4.8. Plasmid Construction

The 3′-UTR sequences of porcine transcripts in the whole genome were obtained from NCBI (http://www.ncbi.nlm.nih.gov/). The 3′-UTR of IRS1 (Accession No. NM_001244489.1) contains the highly conserved binding sites for the miR-146b. The 3′-UTR sequence was inserted into pmirGLO Vector (Promega) with XhoI and XbaI double digestion to construct recombinant Dual-Luciferase reporter vectors, named as pGLO-IRS1-3′-UTR, pGLO-IRS1-3′-UTR-mut and pGLO-IRS1-3UTR-del. Meanwhile, mutagenic and deleted IRS1 3-′UTR reporter vector swere constructed with seven exchanged nucleotides or a deleted target site via DNA synthesis (Sangon Biotech, Shanghai, China).

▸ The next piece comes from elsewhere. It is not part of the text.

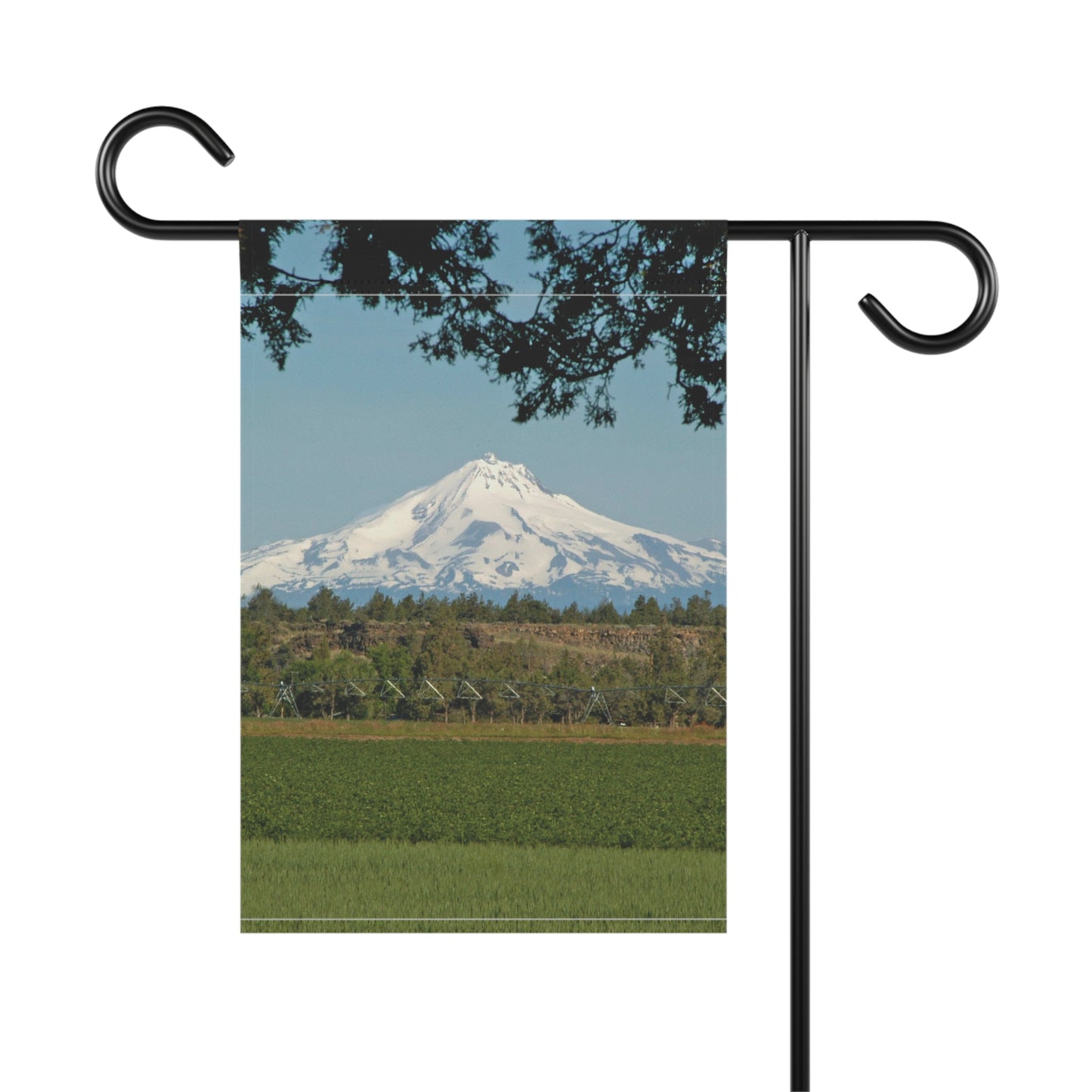 Juniper Framed Mountain Garden & House Banner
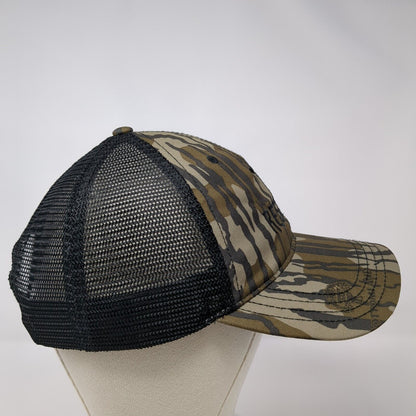 Rescued Snapback Trucker Hat Camouflage M/L Adjustable Mesh Back Richardson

4.9. Dual-Luciferase Reporter Assay

Hela cells were seeded at density of 3 × 104 cells per well in 96-well plates. When the cells reached 60–70% confluency, wild-type (pGLO-IRS1-3′-UTR), mutant (pGLO-IRS1-3′-UTR-mut and pGLO-IRS1-3′-UTR-del) plasmids were co-transfected with miR-146b mimics or negative control (NC) into Hela cells. Lipofectamine 2000 (Invitrogen) was used for mediating the transfection. Cells were collected at 48 h post-transfection, and the luciferase assays were performed with the Dual-Luciferase reporter assay system (Promega). The luciferase activities were normalized by renilla activity. Statistical differences between treatment and control groups were determined using Student’s t-test at p < 0.05.